Ob im Halbdunkel der Bars, in Kunst und Kultur oder am Rand der Gesellschaft: Der Mann registriert als ein allgegenwärtiger Seismograf jedwede gesellschaftliche Schwingung, so auch mit dem neuen Album „TOP“.

Wir Sind Der Mann“ bekannten vor acht Jahren die in einem permeablen Der-Mann-Kokon steckenden Musiker Maurice Summen, Ramin Bijan, Michael Mühlhaus und Johannes von Weizsäcker und deren Art & Design Abteilung Helmut Kraus und Sebastian Kaltmeyer, um als genetisch zugehörige Kenner der Materie für Durchblick zu sorgen.

„Wer auch immer uns vermisst hat: Wir sind wieder da!“ verkündet nun das, bei seiner sich selbst hinterfragenden Sprachwahl nie intellektuell überhöht wirkende, Kollektiv. Was nicht mehr da ist, ist die, den lebenserfahrenen Protagonisten noch gegenwärtige, geo- und lokalpolitische Übersichtlichkeit und der faktenbasierte Dialog.

Der Mann runzelt folglich mit der Stirn, was PeterLicht mit „Eine paar Probelügen verteilen“ in seinem Stück „Marketing“ vorweg nahm, blubbert nunmehr inflationär als gefühlte Wahrheiten oder zweifelhafte Lifestyle-Schablonen aus dem Social-Media-„Aggrophone“ bestens vernetzter „Friends“.

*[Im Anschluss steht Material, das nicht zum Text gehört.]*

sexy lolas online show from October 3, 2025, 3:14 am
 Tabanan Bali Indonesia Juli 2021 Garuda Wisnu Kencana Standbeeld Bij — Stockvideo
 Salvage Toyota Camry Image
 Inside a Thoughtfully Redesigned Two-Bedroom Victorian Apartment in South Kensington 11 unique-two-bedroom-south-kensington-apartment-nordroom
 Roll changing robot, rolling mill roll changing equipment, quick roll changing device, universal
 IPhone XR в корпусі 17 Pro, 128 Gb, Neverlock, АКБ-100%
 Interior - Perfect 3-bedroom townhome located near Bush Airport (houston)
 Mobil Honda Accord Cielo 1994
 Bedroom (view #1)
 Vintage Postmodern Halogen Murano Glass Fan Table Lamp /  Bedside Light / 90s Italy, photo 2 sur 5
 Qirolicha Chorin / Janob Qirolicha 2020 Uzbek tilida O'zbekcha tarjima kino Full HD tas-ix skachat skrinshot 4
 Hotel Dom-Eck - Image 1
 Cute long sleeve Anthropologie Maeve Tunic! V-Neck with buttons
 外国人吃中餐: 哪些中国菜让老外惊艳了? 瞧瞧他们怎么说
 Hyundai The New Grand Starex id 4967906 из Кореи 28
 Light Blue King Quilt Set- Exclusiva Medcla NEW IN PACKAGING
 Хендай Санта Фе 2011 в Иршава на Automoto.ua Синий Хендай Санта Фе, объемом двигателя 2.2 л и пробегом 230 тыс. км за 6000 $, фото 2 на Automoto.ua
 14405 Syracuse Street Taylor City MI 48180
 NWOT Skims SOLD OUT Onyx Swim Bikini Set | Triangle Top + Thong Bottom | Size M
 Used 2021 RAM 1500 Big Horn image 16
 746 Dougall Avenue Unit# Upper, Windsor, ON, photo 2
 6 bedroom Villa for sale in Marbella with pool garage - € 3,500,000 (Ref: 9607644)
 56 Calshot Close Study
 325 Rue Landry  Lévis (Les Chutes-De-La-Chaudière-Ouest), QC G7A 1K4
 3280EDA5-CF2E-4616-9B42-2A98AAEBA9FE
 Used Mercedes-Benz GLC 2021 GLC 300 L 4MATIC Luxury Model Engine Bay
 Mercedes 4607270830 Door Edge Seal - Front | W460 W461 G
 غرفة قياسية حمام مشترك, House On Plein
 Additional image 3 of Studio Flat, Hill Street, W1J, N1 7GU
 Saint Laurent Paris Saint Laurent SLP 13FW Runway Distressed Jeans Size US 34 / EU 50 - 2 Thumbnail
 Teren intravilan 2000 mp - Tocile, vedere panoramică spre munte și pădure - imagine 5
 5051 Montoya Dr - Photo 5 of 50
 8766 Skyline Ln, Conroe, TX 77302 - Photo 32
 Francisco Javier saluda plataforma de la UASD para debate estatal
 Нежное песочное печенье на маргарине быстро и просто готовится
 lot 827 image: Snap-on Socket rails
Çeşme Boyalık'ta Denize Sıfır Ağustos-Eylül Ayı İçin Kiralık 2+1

Als stände damit nicht schon genug Analysepotential zur Verfügung, gilt es auch noch die Furche zwischen Rebellion im Herzen und profundem Sicherheitsbedürfnis, in die sowohl der gutsituierte Mittelschichtler als auch der subventionierte „Rock’n’Roll & Sozialstaat”- Künstler starren, zu erläutern, ein weiteres Dilemma, welches es dato zu pointieren gilt.

Auf dem Cover grüßt mit der wertigen Uhr ein Statussymbol aus der Vergangenheit, die aktuellen Versionen sind auf SUV-Größe angewachsen, wurde dem klobigen Vehikel in der gleichnamigen Nummer ein deutlich geschmeidigeres, sympathisch-funkiges Facelift arrangiert.

Das Song-Gefüge aus Pop, Rock, Soul, Folk, Swing und Easy Listening bleibt in sich im stetigen Wandel, „Gitarren“ bedeuten die „Zukunft von gestern“, dürfen dafür in „Peyote Retreat“ mit einem Solo glänzen, mutiert die kühle 80er-Ästhetik von „Eisprinzessin“ zum flotten Shoegazer, schwebt die „Himmlische Ruh II“ in einer Jean-Michel Jarre Keyboard-Blase davon.

Der Mann durchleuchtet auf „TOP“ kritisch relevante Themen der Zeit, bleiben dennoch Verständnisprobleme, trägt die Schuld „Immer Der, Der Fragt“.